Wildbolz stellt den Spass und den Genuss in den Vordergrund, und entkräftet so die Vorurteile über Veganer. «Seit meinem 14. Lebensjahr ernähre ich mich vegetarisch, irgendwann habe ich erkannt, dass ich aus den Gründen, aus denen ich mich vegetarisch ernähre eigentlich vegan werden müsste», sagt die 34-Jährige.
Die beste Ernährung ist ausgewogen
Wildbolz lebt konsequent vegan, und glaubt, dass wir alle mit unserem Kaufverhalten etwas bewirken können. Womöglich hat sie Recht, zumindest in den Wohlstandsstaaten. Doch sind die Anliegen der Veganer nicht eigentlich Luxusprobleme?
Veganer gelten als körperbewusst. Sie wissen viel über die Wirkung unserer Ernährung und können sie so optimieren. Da liegt der Lifestyle-Verdacht nahe. Denn der gesundheitliche Nutzen von veganer Ernährung ist durchaus umstritten.
Und obwohl wir etwa Eiweiss, B-Vitamine und Eisen mittlerweile gut ersetzen können, ist die beste Ernährung immer noch eine ausgewogene, mediterrane. Doch Veganern geht es um mehr, sie setzen ethischen und ökologischen Missständen etwas entgegen:
- Es geht um das Leid, bedingt durch den Umgang mit unseren Tieren. Der Begriff Massentierhaltung bekommt eine neue Facette, wenn man zum Beispiel weiss, dass männliche Küken, weil sie für die Eierproduktion unbrauchbar sind, getötet, geschreddert und verfüttert werden nach dem Schlüpfen.
- Es geht um Ressourcenverschwendung: Ein Drittel der Getreide weltweit wird an Tiere verfüttert.
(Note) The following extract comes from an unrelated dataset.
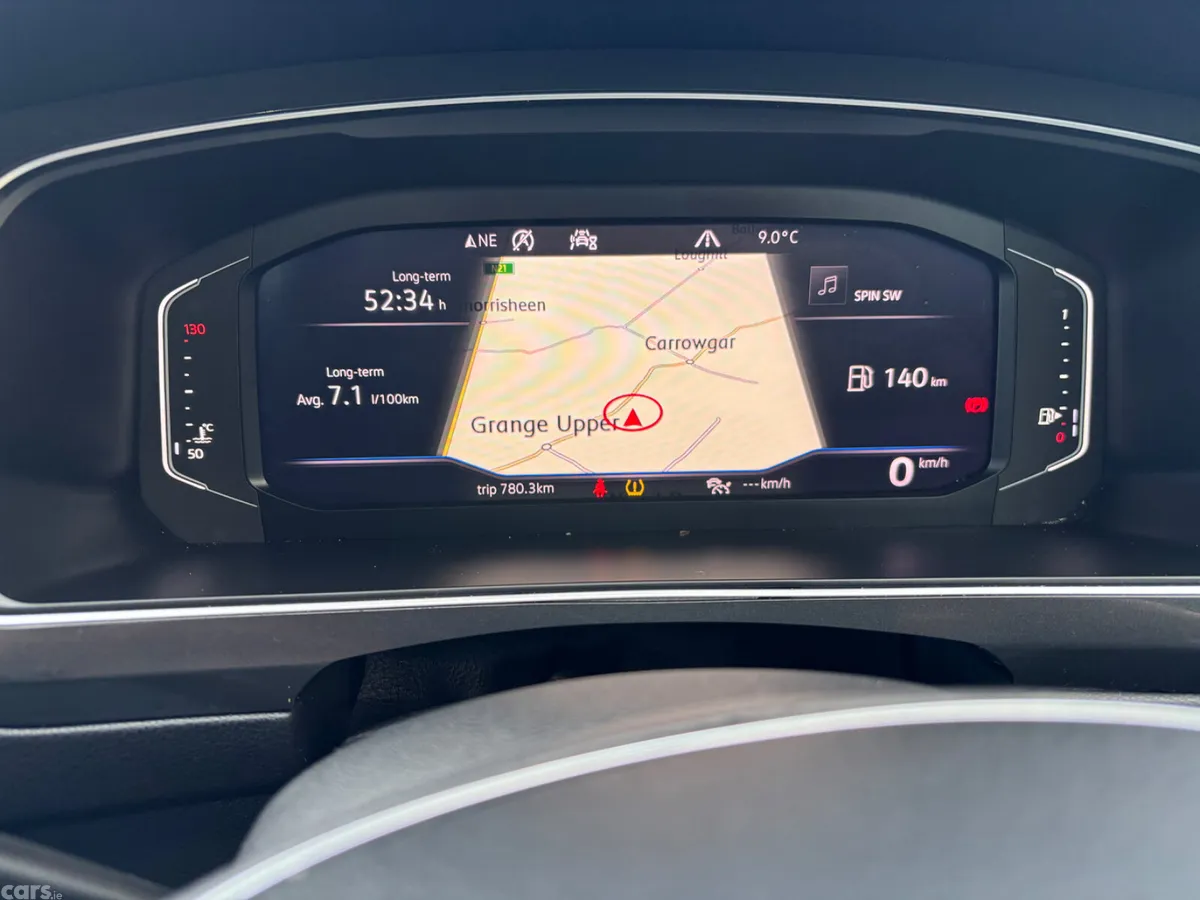 Volkswagen Tiguan SUV, Diesel, 2019, Grey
Damit die westliche Welt genügend Fleisch und Leder für ihre Luxusbedürfnisse hat. Von diesem Getreide könnten rund 4 Milliarden Menschen mehr satt werden.
- Und es geht um Umweltbelastung: Der CO2-Ausstoss für die Herstellung von einem Kilo Rindfleisch kann so hoch sein, wie der CO2-Ausstoss für eine 1600 Kilometer lange Autofahrt.
Mit gutem veganem Essen überzeugen
Diese Argumente lassen sich nicht einfach von der Hand weisen. Dennoch scheint das konsequente vegane Leben aufwändig, der Verzicht auf Fleisch und Käse ein grosser.
Lauren Wildbolz weiss das, und geht darum behutsam vor. Sie will mit gutem veganem Essen überzeugen und den Leuten die Chance geben, sich langsam einer veganen Ernährung anzunähern.
Kein Problem für die vegane Köchin, wenn da ab und zu trotzdem Fleisch, Honig oder Käse dabei sind. Kürzlich beendete sie einen Vortag am Gottlieb-Duttweiler-Institut mit den Worten: «Es lebe der Sonntagsbraten.»